*** Opening RECORDED DATA ***

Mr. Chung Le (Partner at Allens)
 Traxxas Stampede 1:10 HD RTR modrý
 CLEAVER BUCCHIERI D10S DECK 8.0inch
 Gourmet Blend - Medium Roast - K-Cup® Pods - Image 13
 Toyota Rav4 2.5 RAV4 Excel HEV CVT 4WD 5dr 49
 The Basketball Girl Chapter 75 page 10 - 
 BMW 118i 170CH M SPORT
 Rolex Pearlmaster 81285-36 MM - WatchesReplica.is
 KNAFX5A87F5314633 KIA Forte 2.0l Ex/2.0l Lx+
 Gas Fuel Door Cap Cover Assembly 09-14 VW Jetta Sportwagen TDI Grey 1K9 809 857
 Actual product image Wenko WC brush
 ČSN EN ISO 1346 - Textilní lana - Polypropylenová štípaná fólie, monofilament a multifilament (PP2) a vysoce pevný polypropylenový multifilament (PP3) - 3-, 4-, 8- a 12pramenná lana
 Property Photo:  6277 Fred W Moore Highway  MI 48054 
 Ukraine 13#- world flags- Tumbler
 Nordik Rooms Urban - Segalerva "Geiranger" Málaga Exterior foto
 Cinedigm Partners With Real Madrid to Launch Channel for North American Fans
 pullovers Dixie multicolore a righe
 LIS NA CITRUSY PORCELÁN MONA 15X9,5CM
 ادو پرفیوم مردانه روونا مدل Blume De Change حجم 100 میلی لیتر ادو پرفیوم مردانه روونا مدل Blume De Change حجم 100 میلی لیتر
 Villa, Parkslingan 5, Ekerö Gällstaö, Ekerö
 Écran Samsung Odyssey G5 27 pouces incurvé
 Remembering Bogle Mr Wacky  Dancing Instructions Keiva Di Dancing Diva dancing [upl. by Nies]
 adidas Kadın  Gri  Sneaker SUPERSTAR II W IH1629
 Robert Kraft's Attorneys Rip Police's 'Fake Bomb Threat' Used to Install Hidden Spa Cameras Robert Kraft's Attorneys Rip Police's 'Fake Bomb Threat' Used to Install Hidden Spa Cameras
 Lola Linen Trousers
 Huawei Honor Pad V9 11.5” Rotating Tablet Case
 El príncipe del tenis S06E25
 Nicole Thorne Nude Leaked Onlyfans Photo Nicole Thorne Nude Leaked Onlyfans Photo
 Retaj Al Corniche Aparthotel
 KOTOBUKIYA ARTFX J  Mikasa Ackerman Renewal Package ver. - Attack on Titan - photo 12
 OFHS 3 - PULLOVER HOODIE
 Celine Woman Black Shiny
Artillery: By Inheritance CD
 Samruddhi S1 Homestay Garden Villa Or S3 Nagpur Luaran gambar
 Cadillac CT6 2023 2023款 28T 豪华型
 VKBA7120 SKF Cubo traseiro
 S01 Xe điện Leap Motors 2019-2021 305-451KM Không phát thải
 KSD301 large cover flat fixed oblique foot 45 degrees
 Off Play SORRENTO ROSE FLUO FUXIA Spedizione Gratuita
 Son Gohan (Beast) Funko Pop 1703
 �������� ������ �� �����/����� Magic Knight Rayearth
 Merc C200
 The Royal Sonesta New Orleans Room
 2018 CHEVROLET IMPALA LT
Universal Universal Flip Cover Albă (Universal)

*** Closing RECORDED DATA ***

WHAT YOU NEED TO DO :: Would you return, unchanged, the lines from the one containing "Remembering Bogle Mr" through the end of the entries?

EXERCISE RESPONSE ::
 Remembering Bogle Mr Wacky  Dancing Instructions Keiva Di Dancing Diva dancing [upl. by Nies]
 adidas Kadın  Gri  Sneaker SUPERSTAR II W IH1629
 Robert Kraft's Attorneys Rip Police's 'Fake Bomb Threat' Used to Install Hidden Spa Cameras Robert Kraft's Attorneys Rip Police's 'Fake Bomb Threat' Used to Install Hidden Spa Cameras
 Lola Linen Trousers
 Huawei Honor Pad V9 11.5” Rotating Tablet Case
 El príncipe del tenis S06E25
 Nicole Thorne Nude Leaked Onlyfans Photo Nicole Thorne Nude Leaked Onlyfans Photo
 Retaj Al Corniche Aparthotel
 KOTOBUKIYA ARTFX J  Mikasa Ackerman Renewal Package ver. - Attack on Titan - photo 12
 OFHS 3 - PULLOVER HOODIE
 Celine Woman Black Shiny
Artillery: By Inheritance CD
 Samruddhi S1 Homestay Garden Villa Or S3 Nagpur Luaran gambar
 Cadillac CT6 2023 2023款 28T 豪华型
 VKBA7120 SKF Cubo traseiro
 S01 Xe điện Leap Motors 2019-2021 305-451KM Không phát thải
 KSD301 large cover flat fixed oblique foot 45 degrees
 Off Play SORRENTO ROSE FLUO FUXIA Spedizione Gratuita
 Son Gohan (Beast) Funko Pop 1703
 �������� ������ �� �����/����� Magic Knight Rayearth
 Merc C200
 The Royal Sonesta New Orleans Room
 2018 CHEVROLET IMPALA LT
Universal Universal Flip Cover Albă (Universal)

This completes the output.